Thursday, October 29, 2009

Baby Einstein May Not Make Your Kids Smarter!

Meredith Miller over at the Contracts Blog reported on this little dispute that Disney has had with a consumer group over its Baby Einstein products. See, Miller, Important Consumer Alert. I have to admit that we own about fifty of these dvds that came in a set and my little guys loved them. Are they smarter as a result of Baby Einstein? Well, of course I think they are . . . I can say the kids like the classical music and I play them in Spanish so that they dvds reinforce the second language they are learning.

From Disney's website:

For the past several years, Baby Einstein has been under attack by propaganda groups taking extreme positions that try to dictate what parents should do, say and buy.
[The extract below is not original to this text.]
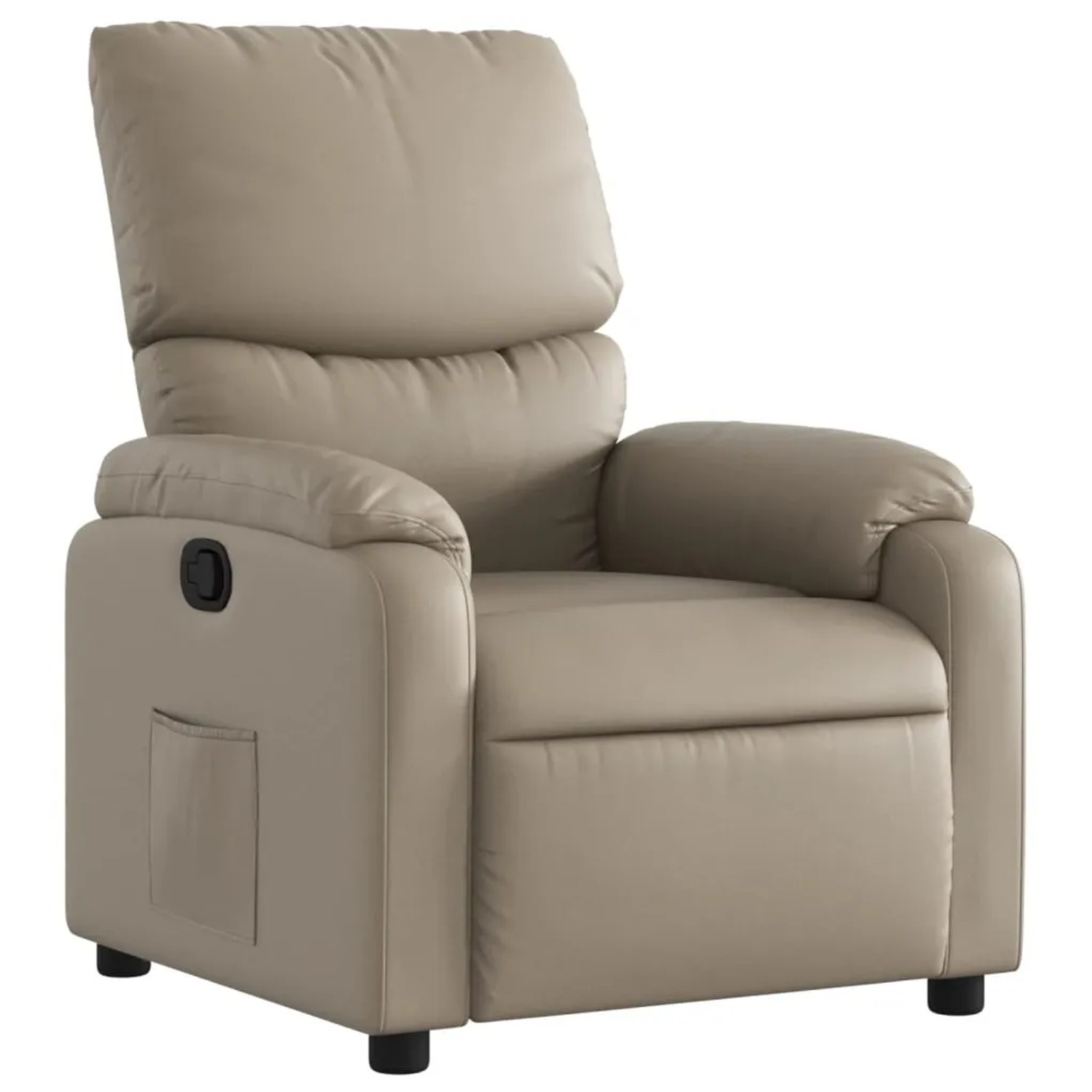 vidaXL Relaxsessel Cappuccino-Braun Kunstleder Modell 25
Our philosophy has always been to focus on creating products that parents and babies love, and to not get sidetracked and pulled down into their street fight.

Unfortunately, with Susan Linn’s latest stunt, we cannot be silent any longer. Linn’s obvious dislike for Baby Einstein has now turned into a sensational, headline-grabbing publicity campaign that seeks to twist and spin a simple, customer satisfaction action into a false admission of guilt. This is clearly not the case.

Linn’s moves are carefully crafted to prey on parental guilt and uncertainty. This time, she began by asking the Federal Trade Commission (FTC) to go after Baby Einstein because, she said, we claimed that Baby Einstein was educational. But we do not make any such claim – and the FTC brought no action.

Not content to rely on the judgment of the federal government, her attacks continued and escalated despite the fact that her assertions have no merit.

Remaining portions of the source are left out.